FAIR-HF2 Study and Accompanying Meta-Analysis Provide New Insights into Intravenous Iron Therapy in Heart Failure

The FAIR-HF2-DZHK5 trial, a multicenter, randomized clinical study funded by the German Center for Cardiovascular Research (DZHK), has been published today in JAMA, a renowned medical journal. Co-financing was provided by the pharmaceutical company CSL Vifor, which also took responsibility for providing and distributing the study medication across Europe. The trial investigated whether intravenous iron supplementation using ferric carboxymaltose could reduce the risk of hospitalizations due to heart failure, or cardiovascular death.
The trial was led by Professor Stefan D. Anker of the German Heart Center at Charité (DHZC) and Professor Mahir Karakas of the University Medical Center Hamburg-Eppendorf (UKE). The University Medical Center Hamburg-Eppendorf served as the legal sponsor.
Half of all patients with heart failure are iron deficient
Iron deficiency is common in people with heart failure, affecting approximately half of all patients. An inadequate iron supply can significantly impair physical performance and quality of life and is associated with a worse overall prognosis. The aim of the FAIR-HF2 study was therefore to determine whether targeted iron supplementation in patients with heart failure would also impact the risk of hospitalizations and cardiovascular complications.
The study included 1,105 individuals with heart failure with reduced ejection fraction and iron deficiency from six European countries. Two laboratory parameters were used to diagnose iron deficiency: ferritin, which indicates the body’s iron stores, and transferrin saturation, which reflects how much iron in the blood is available for essential processes such as blood formation and energy metabolism.
Iron deficiency was defined as either a low ferritin level (below 100 nanograms per milliliter) or, if transferrin saturation was below 20 percent, a ferritin level between 100 and 299 nanograms per milliliter. Patients were medically monitored over a period of approximately 17 months.
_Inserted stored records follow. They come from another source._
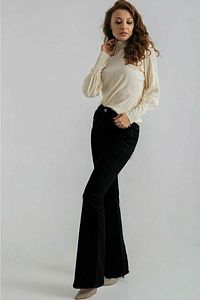 Vanessa Yüksek Bel Likralı Simsiyah Ispanyol Flare Jeans Pantolon ürün fotoğrafı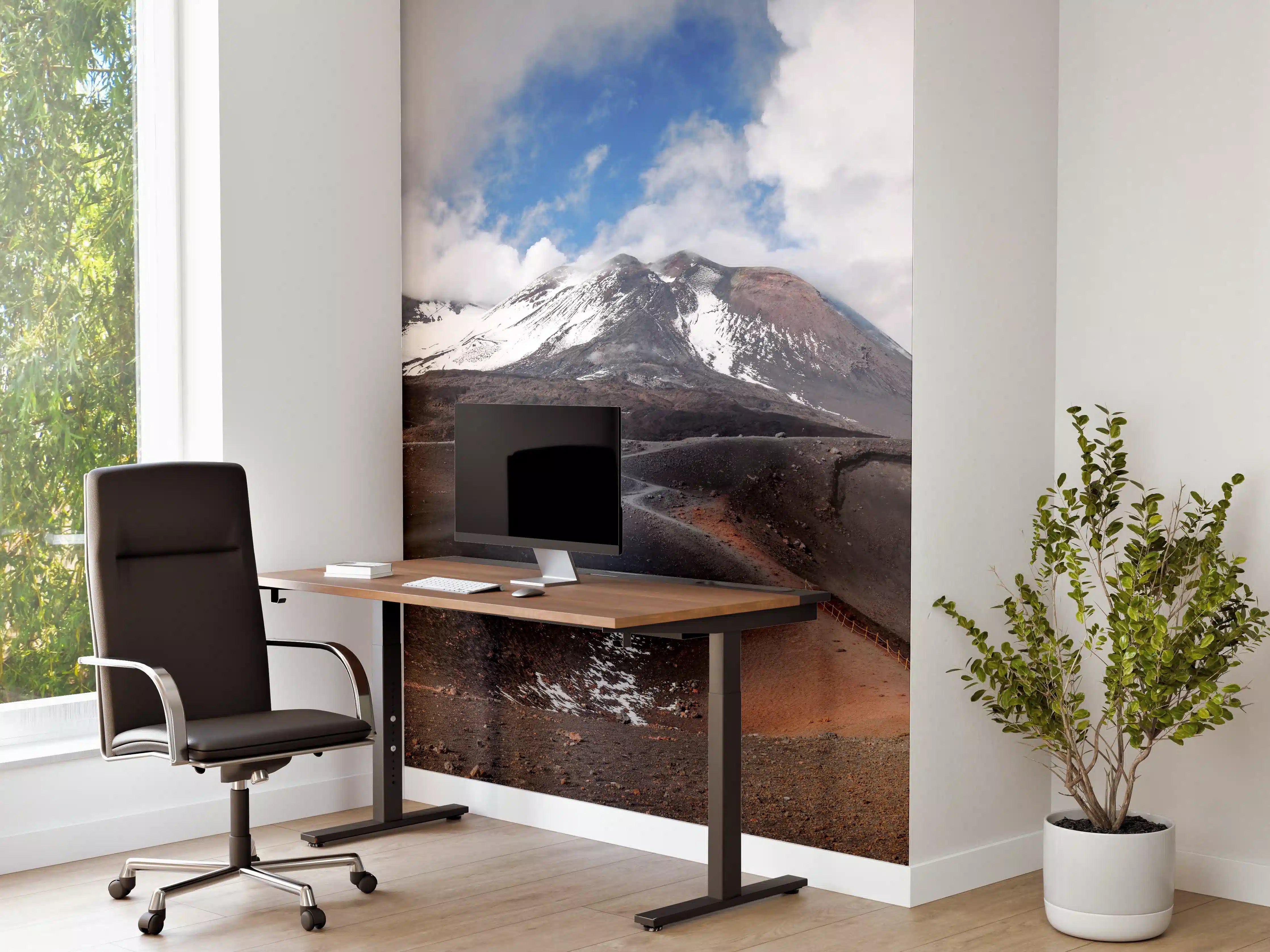 Büro Wandgestaltung - Vulkan-Panorama Braun-Grau-Blau
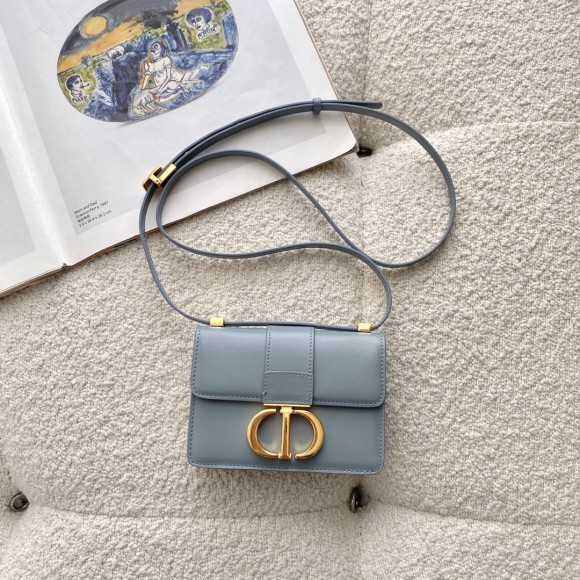 D*or 30 montaigne micro bag in grey box calfskin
Results: Well tolerated, with indications of benefit
The treatment reduced the number of cardiovascular deaths or first hospitalizations due to heart failure by 21 percent compared to placebo. However, this reduction was not statistically significant. No clear benefit was observed in the subgroup with especially low iron status (transferrin saturation below 20 percent). Overall, the therapy was well tolerated, and the rate of serious adverse events was not higher than in the placebo group.
“With FAIR-HF2 and the new meta-analysis, we confirm the existing Class I guideline recommendations for the treatment of patients with heart failure and iron deficiency using ferric carboxymaltose,” says Professor Anker. “Our goal is to improve symptoms and physical performance and reduce hospital admissions. Although FAIR-HF2 narrowly missed its primary endpoint, the study offers valuable insights into how iron deficiency should be defined and how targeted iron therapy can be used in heart failure.”
Additional analysis shows impact on hospitalizations and mortality
An international meta-analysis published in parallel in Nature Medicine underscores the clinical relevance of these findings. The analysis combines data from six randomized trials involving more than 7,000 patients, among them FAIR-HF, CONFIRM-HF, AFFIRM-AHF, IRONMAN, HEART-FID, and FAIR-HF2. The new evaluation shows that intravenous iron therapy significantly reduces the risk of recurrent hospitalizations due to heart failure and cardiovascular death, particularly during the first year of treatment. FAIR-HF2 thus makes an contribution to the current body of evidence and helps answer previously unresolved questions about the optimal timing and dosing of therapy.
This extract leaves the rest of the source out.